Project REAL is a Microsoft led initiative to build an end-to-end demonstrable BI solution on SQL Server 2005 BI tools (i.e. SSIS, SSAS, SSRS). A paper has been released documenting the experiences gained whilst building the ETL portion of this project using SSIS.
Its 61 printed pages of text and screenshots which is hard going in anyone's book so I've summarised some of the more pertinent points (as I see them) here:
1) One of the source file types is in a proprietary format. The implementors have built a custom transformation that brings the parsing of these files directly into the SSIS pipeline and eliminates the storage overhead of parsing the files and then putting the parsed output somewhere. Previously, with DTS, this had to be done external to the ETL tool.
2) Manually rebuilding DTS packages is preferable to using the migration wizard provided with SSIS. Part of the reason for this is that the migration wizard doesn't take advantage of some of the new features of SSIS. Packages should, really, build upon the powerful functionality inherent in SSIS and the migration wizard does not do this.
3) The DTS data-pump (the fundamental task of DTS) does not migrate using the migration wizard.
4) Adding partitions to an Analysis Services cube can be done from within SSIS using XMLA combined with the new Analysis Services Execute DDL Task (excellent).
5) The SQL Server Destination can be up to 25% quicker than the OLE DB Destination. This is because it runs in process with the SQL Server engine and therefore doesn't have the overhead of a connection. [Note: Because of this the SQL Server Destination can only be used when the package is being run on the server as the destination.]
6) Remove unnecassary columns from the pipeline. I can verify based on my own testing that this does result in a throughput enhancement.
7) The EngineThreads property can be altered to improve performance. There is no formula for optimal performance...experimentation is the key.

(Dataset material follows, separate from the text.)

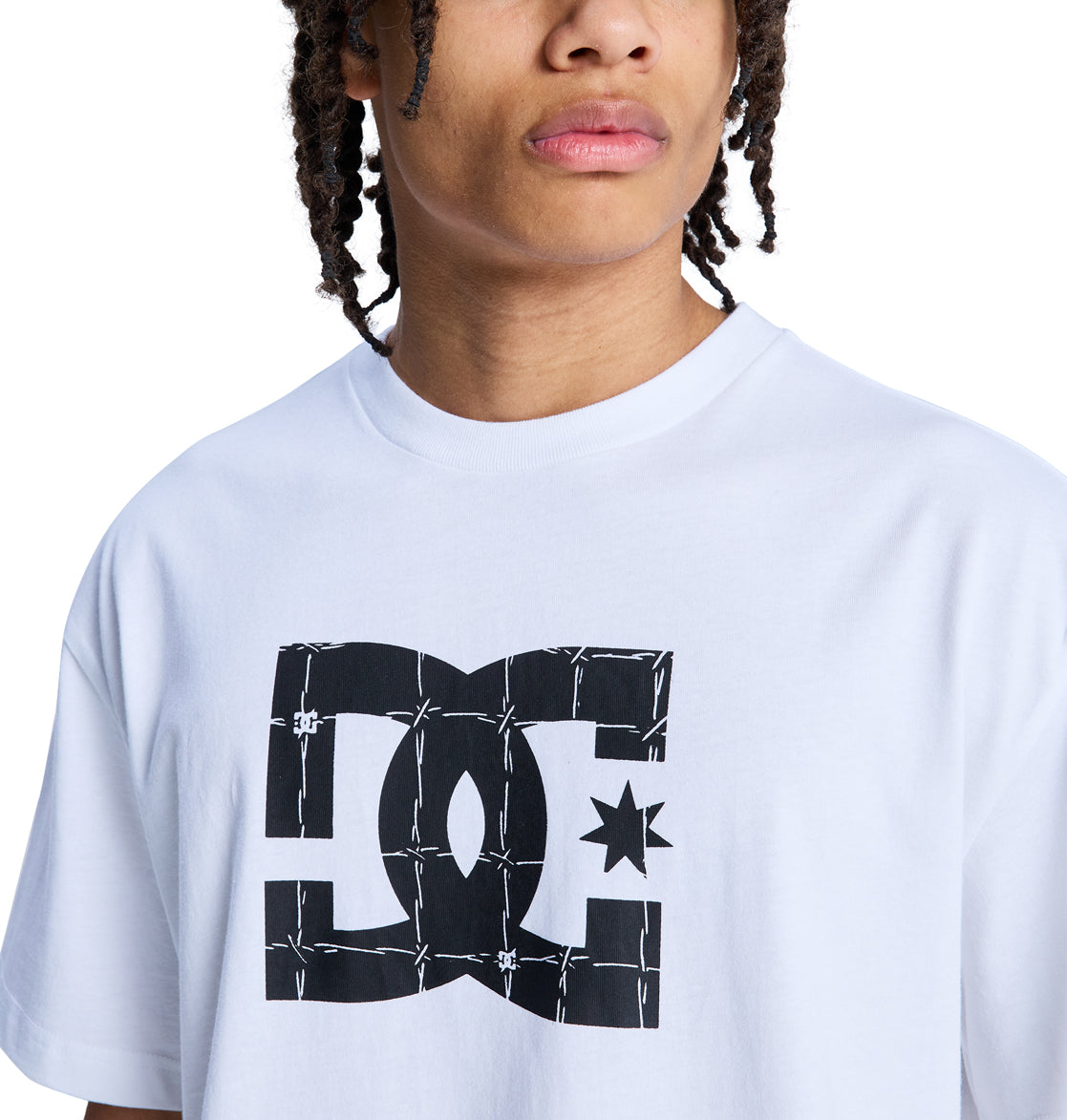 Men's DC Star Filled Heritage Short Sleeve Shirt - Image 3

8) Tasks can be executed in parallel. Again there is no formula to determine the optimal number of tasks to execute in parallel but a rule of thumb is that the number of parallel tasks should be equal to the number of processors. Start from this and experiment out...see what the optimal configuration is. Its laborious but it will be worth it in the long run.
Other than that it basically talked about about basic features such as looping, configurations, derived column transform, logging, precedence contraints, property expressions & checkpoints...most of which I have covered on this blog, be it in detail or not.
As a beginner's guide to SSIS its a very useful article but anybody that has been using SSIS in beta for a while isn't going to get too much out of it that they didn't know already. I would recommend using this article as a reference as you experiment with SSIS yourself. As ever, the best way of learning something is getting on and doing it for yourself.
-Jamie